Prior to the Summits in July, public health leaders from 34 states and jurisdictions participating in the CoIIN completed a survey on their previous exposure to QI. In most of the basic QI areas, such as writing an aim statement or creating effective QI measures, more than 75 percent of the state leaders said they had moderate or high exposure to these concepts. That’s a pretty good start.

And, QI is becoming a way of operating for several public health agencies across the country. The South Carolina Department of Health, for example, describes how QI has transcended its initial improvement projects and is now being applied to all of its programs so that services can be delivered more efficiently and effectively. Also telling was the January 2012 issue of the Journal of Public Health Management and Practice, which focused on the public health applications of QI.

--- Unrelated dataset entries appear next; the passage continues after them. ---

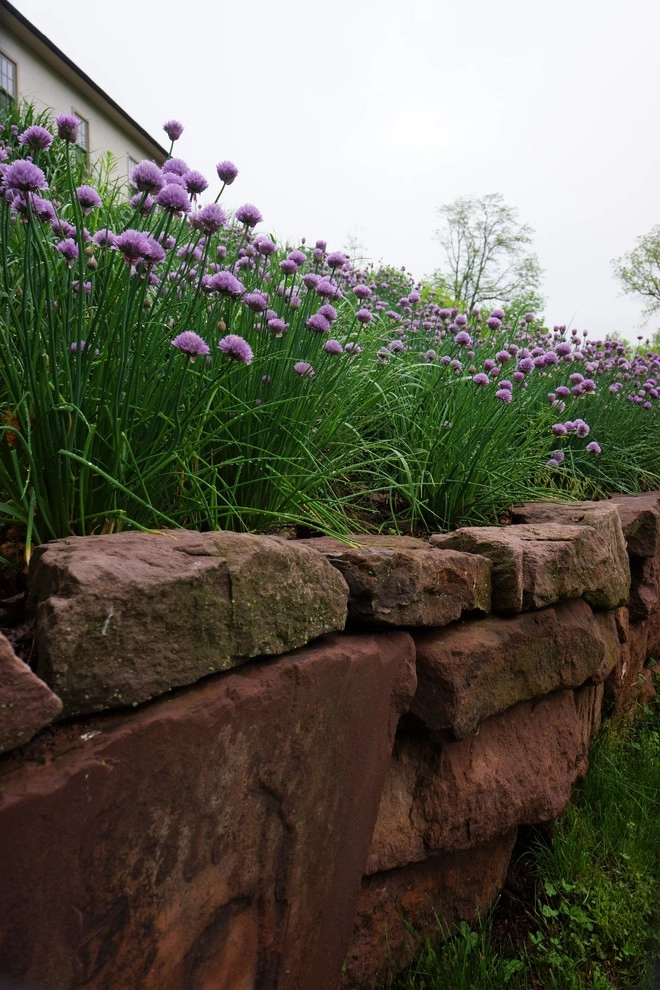 Royersford Front Hillside Garden by Donald Pell - Gardens - Photo 15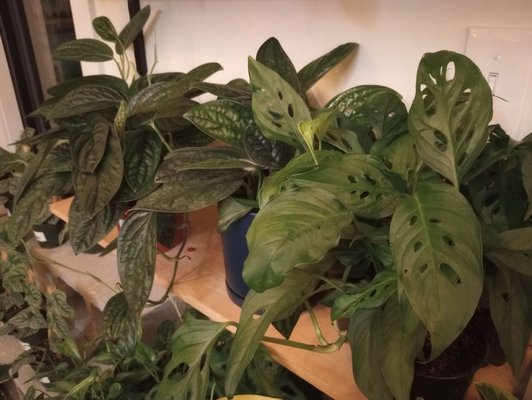 The Plant Outpost by null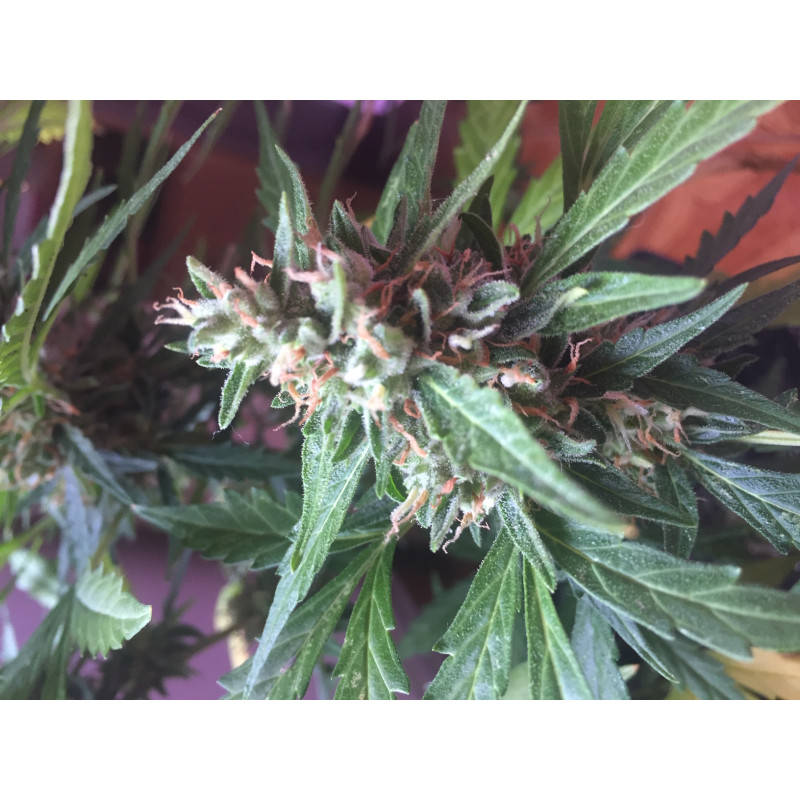 Critical Neville Haze Auto - Delicious, 5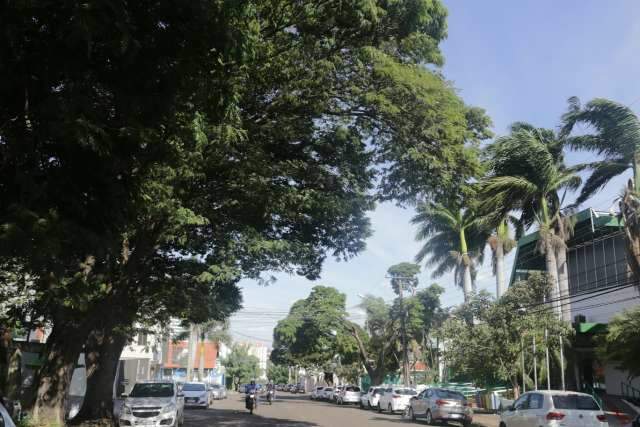 Rajadas de ventos atingem 58 km por hora em Campo Grande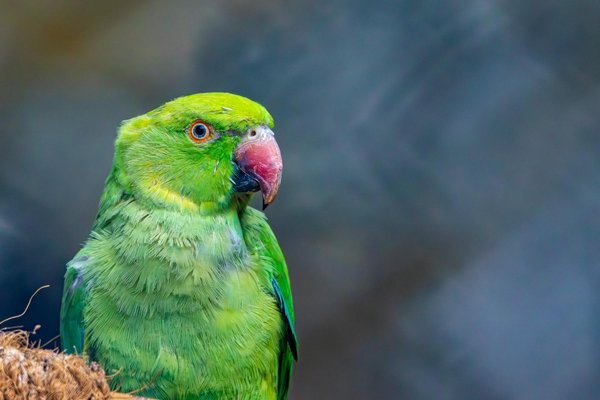 Wat zijn de belangrijkste factoren bij het kiezen van een hondenhotel?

To fully benefit from QI, however, state leaders must first understand the roles of quality planning, quality control and quality improvement, known as Juran’s Trilogy. Many current quality activities in state organizations are focused solely on quality control: “the regulatory process through which we measure actual quality performance, compare it with quality goals, and act on the difference” (Juran, 1988). Although these activities are essential to maintaining system performance, QI is required for attaining new and unprecedented levels of performance, like reducing infant mortality rates and closing health equity gaps.

Public health organizations that want to develop their capability to use QI strategically should begin with a study of W. E. Deming’s framework for the science of improvement. This framework encourages the selection and use of QI methods that will be effective in the specific context of interest. In particular, to develop effective QI activities, one must first appreciate the system one is trying to improve. Public health leaders who can describe their organizations and work as processes have set the foundation for improvement.

 

Are you a public health leader using QI to effect systems change in your community or state? How are you going to build on your initial successes? Share your thoughts via the comments.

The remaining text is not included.